== Segment start ==
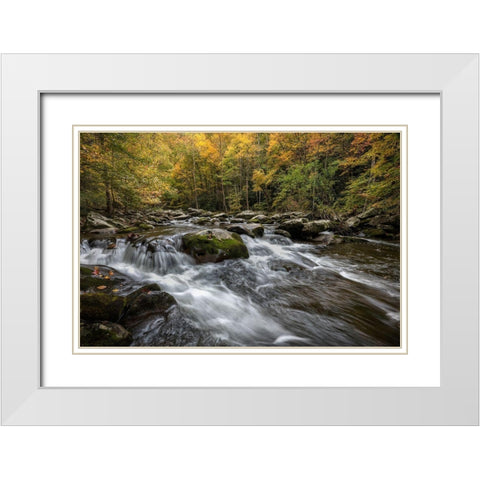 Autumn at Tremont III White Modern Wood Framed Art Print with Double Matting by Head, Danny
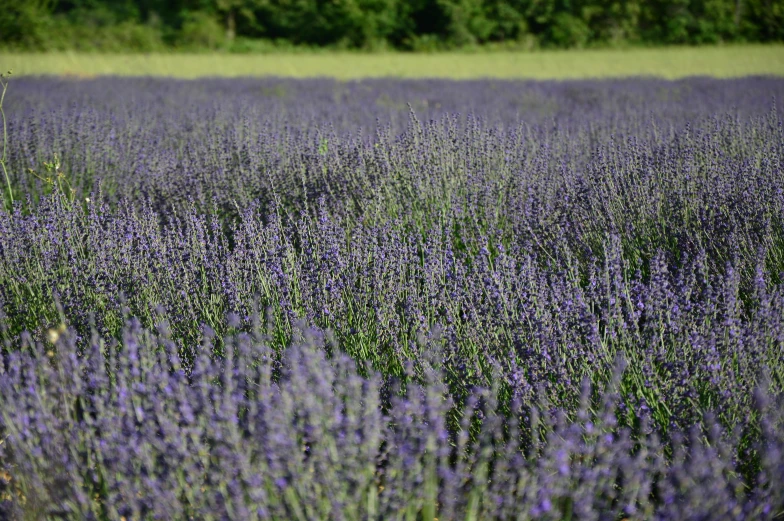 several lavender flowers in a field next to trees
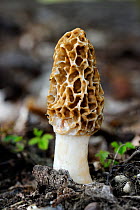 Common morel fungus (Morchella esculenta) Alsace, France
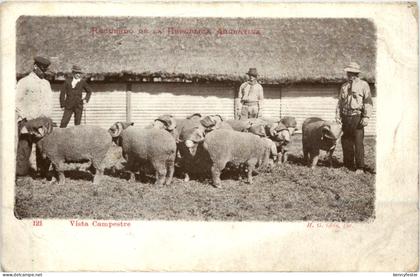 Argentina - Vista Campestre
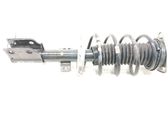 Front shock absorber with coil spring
== Segment end ==
» **TASK DESCRIPTION**:
An exact, image-free transcription of all the records above is needed.

» **ANSWER TO THIS PROBLEM**:
 Autumn at Tremont III White Modern Wood Framed Art Print with Double Matting by Head, Danny
 several lavender flowers in a field next to trees
 Common morel fungus (Morchella esculenta) Alsace, France
 Argentina - Vista Campestre
 Front shock absorber with coil spring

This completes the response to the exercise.